Thinking Machines, the AI lab founded by former OpenAI CTO Mira Murati, open-sourced its first multimodal language model, Inkling, according to VentureBeat reporting, with The Register separately framing the release as Murati doing "what Altman won't" by publishing genuinely open weights rather than a closed API.
Inkling topped Hacker News with more than 1,000 points on the day of its release, an unusually strong organic technical-community signal for a first major model launch from a lab that's been operating for roughly two years since Murati's departure from OpenAI, and a sign the underlying technical work has real credibility with the developer audience that matters most for open-weight adoption.

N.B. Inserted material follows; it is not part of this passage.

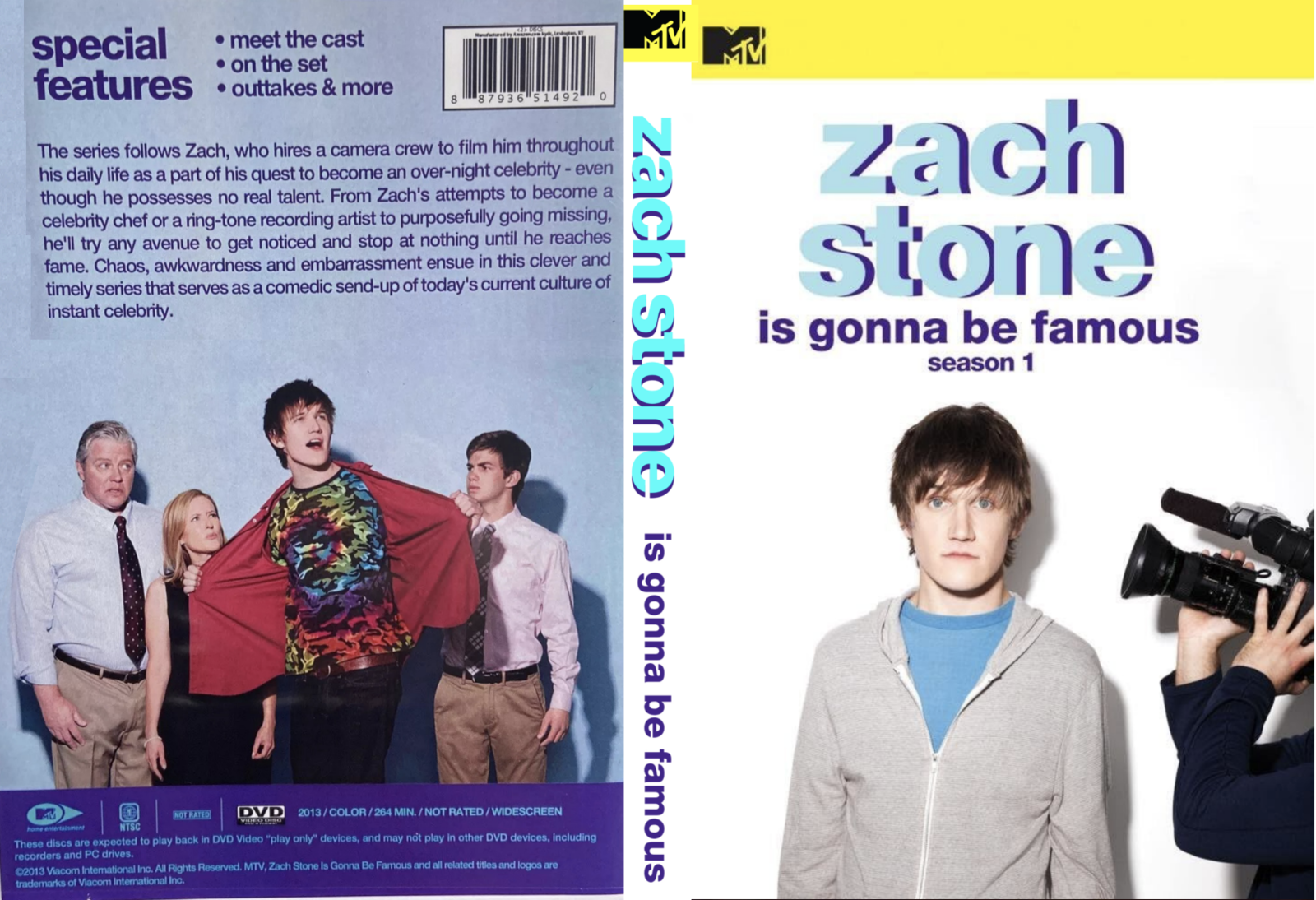 Zach Stone is Gonna Be Famous Season 1 2x DVD Set Very Rare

Thinking Machines joins a growing cohort of well-funded open-weight labs -- Mistral, Black Forest Labs, and Nous Research, the last of which is separately reported to be in talks for funding at a $1.5 billion valuation -- all betting that open distribution can build a durable, monetizable business through enterprise tooling and hosted infrastructure, rather than functioning purely as a marketing or recruiting play against closed competitors.
For investors evaluating the open-weight thesis broadly, Inkling's strong technical reception adds another credible data point that open models can achieve genuine developer mindshare independent of a closed lab's marketing budget or distribution advantages, reinforcing the case that the open side of the AI stack deserves its own dedicated allocation rather than being treated as a discount version of the closed-lab trade.
The bear case: strong Hacker News reception doesn't guarantee enterprise monetization, and Thinking Machines still needs to demonstrate a path to revenue from hosting, fine-tuning or enterprise tooling built on top of freely available weights, the same monetization challenge every open-weight lab faces. What to watch next: Inkling's adoption among developers building production applications, and whether Thinking Machines announces enterprise or hosted-infrastructure offerings to monetize the model.